The Bridge Project will feature a total of 57 emerging and professional artists and community projects exploring the region’s relationship with the Saint John River through theatre, dance, music, art, poetry and film.
With the help of Sappier, Fredericton playwright Ryan Griffith and several volunteers, Ross and a pair of summer students have spent a large portion of the summer guiding this mammoth project through several stages of development.
“Because we are working with 57 different artists, the scope of the project is enormous, not just in terms of the nuts and bolts but in terms of vision and so my one hope is that as our audience passes across the bridge they are not only inspired and excited by individual works but experience a sense of the project as a whole.”
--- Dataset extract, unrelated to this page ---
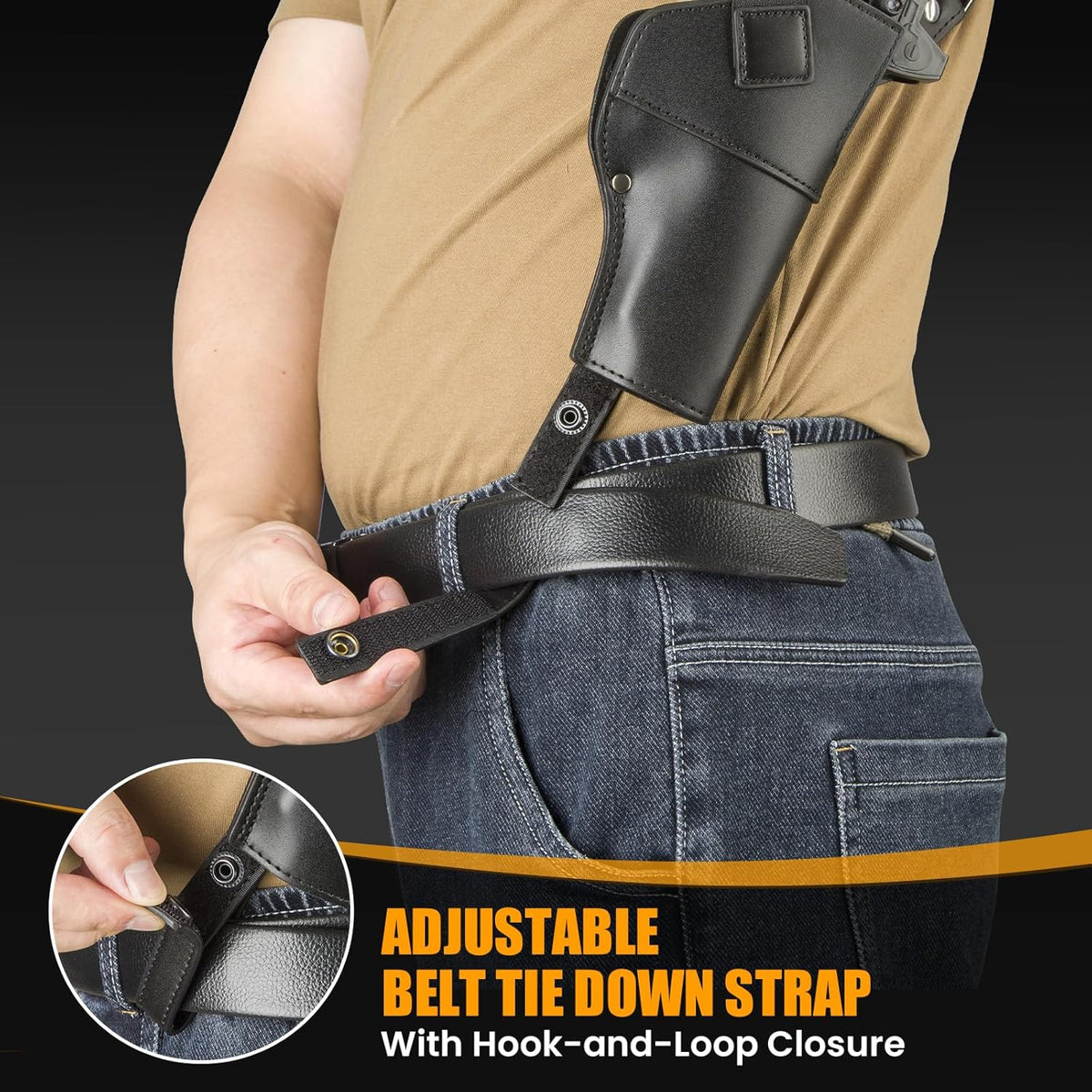Yigerlee Adjustable Vertical Gun Holster - Soft Microfiber Leather Shoulder Holster for 1911, Glock 17/19, Beretta 92FS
“I have been blessed with two of the best summer students a company could ask for,” said Ross. “Danielle Chiasson, who is a graduate of STU and is currently attending CAL ARTS in California, is our project Stage Manager and she had been whipping us all into a state of organizational bliss. She is the consummate workhorse and gets the job done with a smile.
“Alex Rioux is also a STU graduate and he has been our Media Coordinator and facilitating numerous projects. He has also been working overtime to pull projects together and has been teaching me the ways of the social media. Both are former students of mine and it has been such a pleasure to see them excelling in a professional capacity.
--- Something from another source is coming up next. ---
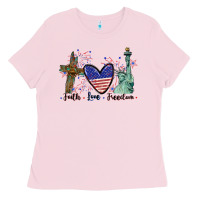 Faith Love Freedom 4th Of July Ladies Tee | Teevron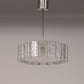 "Doria Leuchten Ice Glass Hanging Lamp with Relief Glass Cylinders, 1960s"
“Additionally we have been amassing a huge team of volunteers and Assistant Stage Managers who are going to become a well-oiled machine that will bring this project to life.”
“Perhaps by working together on this bridge and exploring who we are and where we came from we can begin to build a vision of where we can go from here.”
The original call of artists resulted in an enormous amount of interest, which then presented organizers with the challenging task of linking each element together in hopes of creating a cohesive and unifying vision for the event.
“Because we are working with 57 different artists, the scope of the project is enormous, not just in terms of the nuts and bolts but in terms of vision and so my one hope is that as our audience passes across the bridge they are not only inspired and excited by individual works but experience a sense of the project as a whole. Ryan Griffith was instrumental in helping us to develop this as he is a stickler for building a clear theme to a work.”
Using the questions: Who are we? Where did we come from? Where can we go from here?, as well as incorporating the bridge as the work’s central figure, The BRIDGE aims to offer answers to each of these questions as audiences engage with each artist’s work as they make their way across the river.
“The bridge represents so much to us in terms of being a space that we cross together, that unites us but that also has a history that includes the rise of industrialization and colonization,” said Ross. “Perhaps by working together on this bridge and exploring who we are and where we came from we can begin to build a vision of where we can go from here.”
The Bridge Project will take place September 8 between 5 – 8 p.m., with a rain date set for the following day if the skies are uncooperative.
“After working for almost a year on this project I am just excited to stand at the end of the bridge at 5 p.m. on Friday September 8th and welcome our first audience members and stroll with them to experience the hard work, artistic vision and passion of so many artists and people,” she said.
The Bridge Project | Friday, September 8 ( rain date September 8) | 5 – 8 p.m. | Bill Thorpe Walking Bridge – downtown Fredericton | View Event
The event is presented free of charge but donation are welcome. Dogs must be on a leash. Cycists and skateboarders are welcome but must dismount.